> Listed records:

• • • • • • •

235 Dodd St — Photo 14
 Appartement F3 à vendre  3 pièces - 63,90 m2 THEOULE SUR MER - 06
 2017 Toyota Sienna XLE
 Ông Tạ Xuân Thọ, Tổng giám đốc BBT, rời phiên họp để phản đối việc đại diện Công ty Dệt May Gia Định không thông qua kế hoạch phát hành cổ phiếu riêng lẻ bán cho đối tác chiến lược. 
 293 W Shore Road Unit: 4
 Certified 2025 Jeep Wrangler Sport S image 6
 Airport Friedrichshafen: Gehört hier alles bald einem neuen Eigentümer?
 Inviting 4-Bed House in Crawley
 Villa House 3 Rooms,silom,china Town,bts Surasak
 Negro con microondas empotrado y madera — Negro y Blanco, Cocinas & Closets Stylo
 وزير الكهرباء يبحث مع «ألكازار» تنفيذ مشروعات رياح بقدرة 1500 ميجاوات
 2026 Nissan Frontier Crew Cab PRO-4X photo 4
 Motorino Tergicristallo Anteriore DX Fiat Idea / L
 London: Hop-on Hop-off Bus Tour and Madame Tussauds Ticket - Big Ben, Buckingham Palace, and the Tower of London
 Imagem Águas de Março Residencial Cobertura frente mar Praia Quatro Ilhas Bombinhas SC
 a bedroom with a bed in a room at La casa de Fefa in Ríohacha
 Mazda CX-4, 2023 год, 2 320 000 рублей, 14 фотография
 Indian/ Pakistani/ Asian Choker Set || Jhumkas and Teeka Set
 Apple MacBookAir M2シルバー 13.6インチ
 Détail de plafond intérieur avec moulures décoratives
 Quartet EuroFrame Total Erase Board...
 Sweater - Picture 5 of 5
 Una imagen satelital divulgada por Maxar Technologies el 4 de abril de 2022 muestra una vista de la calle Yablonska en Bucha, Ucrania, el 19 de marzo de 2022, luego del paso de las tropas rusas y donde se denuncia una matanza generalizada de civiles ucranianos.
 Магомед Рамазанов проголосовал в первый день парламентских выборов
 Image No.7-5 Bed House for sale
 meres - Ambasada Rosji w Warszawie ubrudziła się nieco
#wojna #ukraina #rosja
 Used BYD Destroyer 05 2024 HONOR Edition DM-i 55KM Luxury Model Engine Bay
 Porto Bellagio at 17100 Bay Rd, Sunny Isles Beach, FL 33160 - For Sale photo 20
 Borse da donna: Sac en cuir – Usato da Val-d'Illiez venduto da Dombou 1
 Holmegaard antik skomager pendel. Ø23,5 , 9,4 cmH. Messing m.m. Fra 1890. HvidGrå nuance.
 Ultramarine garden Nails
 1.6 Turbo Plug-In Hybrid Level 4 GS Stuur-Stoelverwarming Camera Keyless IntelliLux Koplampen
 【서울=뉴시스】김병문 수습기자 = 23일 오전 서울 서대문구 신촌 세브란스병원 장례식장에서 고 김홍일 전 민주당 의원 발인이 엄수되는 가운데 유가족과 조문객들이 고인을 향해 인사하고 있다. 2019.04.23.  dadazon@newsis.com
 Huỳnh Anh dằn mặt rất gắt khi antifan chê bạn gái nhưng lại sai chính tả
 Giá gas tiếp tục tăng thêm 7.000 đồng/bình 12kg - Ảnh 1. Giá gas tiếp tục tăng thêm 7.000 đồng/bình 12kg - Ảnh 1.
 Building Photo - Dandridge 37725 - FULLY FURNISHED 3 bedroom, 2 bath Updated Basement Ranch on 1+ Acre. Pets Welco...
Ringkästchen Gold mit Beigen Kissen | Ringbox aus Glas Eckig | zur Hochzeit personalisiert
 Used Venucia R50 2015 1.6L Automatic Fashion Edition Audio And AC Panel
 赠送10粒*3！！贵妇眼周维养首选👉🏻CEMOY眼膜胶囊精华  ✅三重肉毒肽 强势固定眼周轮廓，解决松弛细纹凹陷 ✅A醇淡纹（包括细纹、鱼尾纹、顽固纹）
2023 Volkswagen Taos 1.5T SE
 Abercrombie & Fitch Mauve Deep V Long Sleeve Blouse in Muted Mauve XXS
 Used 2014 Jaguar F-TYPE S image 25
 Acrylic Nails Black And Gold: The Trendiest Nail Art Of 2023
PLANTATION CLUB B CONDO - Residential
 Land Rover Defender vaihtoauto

• • • • • • •

> Exercise aim: Transcribe each entry exactly.

> Task response:
235 Dodd St — Photo 14
 Appartement F3 à vendre  3 pièces - 63,90 m2 THEOULE SUR MER - 06
 2017 Toyota Sienna XLE
 Ông Tạ Xuân Thọ, Tổng giám đốc BBT, rời phiên họp để phản đối việc đại diện Công ty Dệt May Gia Định không thông qua kế hoạch phát hành cổ phiếu riêng lẻ bán cho đối tác chiến lược. 
 293 W Shore Road Unit: 4
 Certified 2025 Jeep Wrangler Sport S image 6
 Airport Friedrichshafen: Gehört hier alles bald einem neuen Eigentümer?
 Inviting 4-Bed House in Crawley
 Villa House 3 Rooms,silom,china Town,bts Surasak
 Negro con microondas empotrado y madera — Negro y Blanco, Cocinas & Closets Stylo
 وزير الكهرباء يبحث مع «ألكازار» تنفيذ مشروعات رياح بقدرة 1500 ميجاوات
 2026 Nissan Frontier Crew Cab PRO-4X photo 4
 Motorino Tergicristallo Anteriore DX Fiat Idea / L
 London: Hop-on Hop-off Bus Tour and Madame Tussauds Ticket - Big Ben, Buckingham Palace, and the Tower of London
 Imagem Águas de Março Residencial Cobertura frente mar Praia Quatro Ilhas Bombinhas SC
 a bedroom with a bed in a room at La casa de Fefa in Ríohacha
 Mazda CX-4, 2023 год, 2 320 000 рублей, 14 фотография
 Indian/ Pakistani/ Asian Choker Set || Jhumkas and Teeka Set
 Apple MacBookAir M2シルバー 13.6インチ
 Détail de plafond intérieur avec moulures décoratives
 Quartet EuroFrame Total Erase Board...
 Sweater - Picture 5 of 5
 Una imagen satelital divulgada por Maxar Technologies el 4 de abril de 2022 muestra una vista de la calle Yablonska en Bucha, Ucrania, el 19 de marzo de 2022, luego del paso de las tropas rusas y donde se denuncia una matanza generalizada de civiles ucranianos.
 Магомед Рамазанов проголосовал в первый день парламентских выборов
 Image No.7-5 Bed House for sale
 meres - Ambasada Rosji w Warszawie ubrudziła się nieco
#wojna #ukraina #rosja
 Used BYD Destroyer 05 2024 HONOR Edition DM-i 55KM Luxury Model Engine Bay
 Porto Bellagio at 17100 Bay Rd, Sunny Isles Beach, FL 33160 - For Sale photo 20
 Borse da donna: Sac en cuir – Usato da Val-d'Illiez venduto da Dombou 1
 Holmegaard antik skomager pendel. Ø23,5 , 9,4 cmH. Messing m.m. Fra 1890. HvidGrå nuance.
 Ultramarine garden Nails
 1.6 Turbo Plug-In Hybrid Level 4 GS Stuur-Stoelverwarming Camera Keyless IntelliLux Koplampen
 【서울=뉴시스】김병문 수습기자 = 23일 오전 서울 서대문구 신촌 세브란스병원 장례식장에서 고 김홍일 전 민주당 의원 발인이 엄수되는 가운데 유가족과 조문객들이 고인을 향해 인사하고 있다. 2019.04.23.  dadazon@newsis.com
 Huỳnh Anh dằn mặt rất gắt khi antifan chê bạn gái nhưng lại sai chính tả
 Giá gas tiếp tục tăng thêm 7.000 đồng/bình 12kg - Ảnh 1. Giá gas tiếp tục tăng thêm 7.000 đồng/bình 12kg - Ảnh 1.
 Building Photo - Dandridge 37725 - FULLY FURNISHED 3 bedroom, 2 bath Updated Basement Ranch on 1+ Acre. Pets Welco...
Ringkästchen Gold mit Beigen Kissen | Ringbox aus Glas Eckig | zur Hochzeit personalisiert
 Used Venucia R50 2015 1.6L Automatic Fashion Edition Audio And AC Panel
 赠送10粒*3！！贵妇眼周维养首选👉🏻CEMOY眼膜胶囊精华  ✅三重肉毒肽 强势固定眼周轮廓，解决松弛细纹凹陷 ✅A醇淡纹（包括细纹、鱼尾纹、顽固纹）
2023 Volkswagen Taos 1.5T SE
 Abercrombie & Fitch Mauve Deep V Long Sleeve Blouse in Muted Mauve XXS
 Used 2014 Jaguar F-TYPE S image 25
 Acrylic Nails Black And Gold: The Trendiest Nail Art Of 2023
PLANTATION CLUB B CONDO - Residential
 Land Rover Defender vaihtoauto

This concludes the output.